▸ **WHAT TO DO**: The answer should be every line below, repeated exactly, with the images left out.

▸ **DATA SEGMENT**:
—————
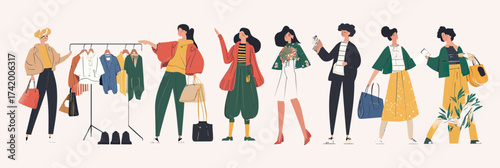 Diverse group of fashionable women shopping and exchanging clothing and accessories in casual modern outfits flat vector illustration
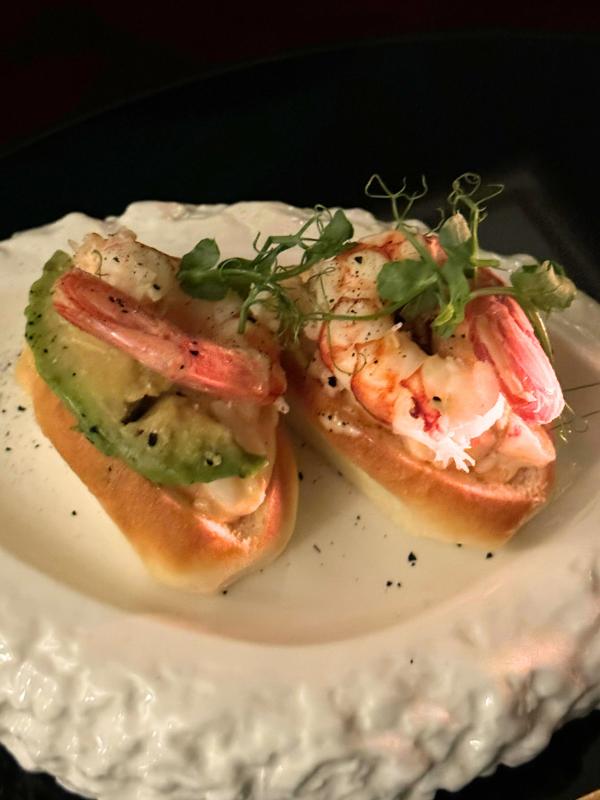 Prawn and avo on toast.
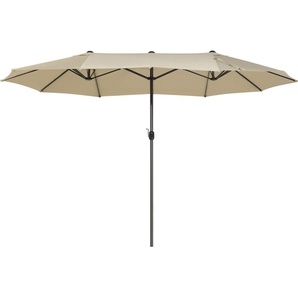 BELIANI Sonnenschirm Beige 270 x 460 x 247 cm aus robustem Aluminium und einem doppelten Schirm Oval Praktisch Modern 61515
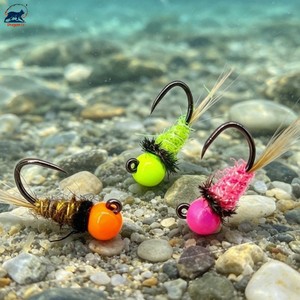 # 14 leurres de pêche à la mouche UV Hot Spot sans ardillons, Perdigon Jig, Nymph, corps nervuré <span class=keywords><strong>en</strong></span> <span class=keywords><strong>fil</strong></span>, attracteurs pour truites, Euro Nymphing Jig Fly - Product Image 3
—————
▸ **WRITTEN SOLUTION**:
 Diverse group of fashionable women shopping and exchanging clothing and accessories in casual modern outfits flat vector illustration
 Prawn and avo on toast.
 BELIANI Sonnenschirm Beige 270 x 460 x 247 cm aus robustem Aluminium und einem doppelten Schirm Oval Praktisch Modern 61515
 # 14 leurres de pêche à la mouche UV Hot Spot sans ardillons, Perdigon Jig, Nymph, corps nervuré <span class=keywords><strong>en</strong></span> <span class=keywords><strong>fil</strong></span>, attracteurs pour truites, Euro Nymphing Jig Fly - Product Image 3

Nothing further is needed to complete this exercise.